• [Assigned task] Copy, exactly and without additions, every line in the records below from the one holding "Cue that time" through the one holding "KIA Sportage Gt-Line", both ends included.

• [Records shown]
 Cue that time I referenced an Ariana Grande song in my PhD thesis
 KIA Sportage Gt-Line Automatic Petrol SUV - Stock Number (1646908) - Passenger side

* * *

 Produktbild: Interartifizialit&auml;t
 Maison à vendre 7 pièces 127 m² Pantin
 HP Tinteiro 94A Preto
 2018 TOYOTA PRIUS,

• [Reply]
 Cue that time I referenced an Ariana Grande song in my PhD thesis
 KIA Sportage Gt-Line Automatic Petrol SUV - Stock Number (1646908) - Passenger side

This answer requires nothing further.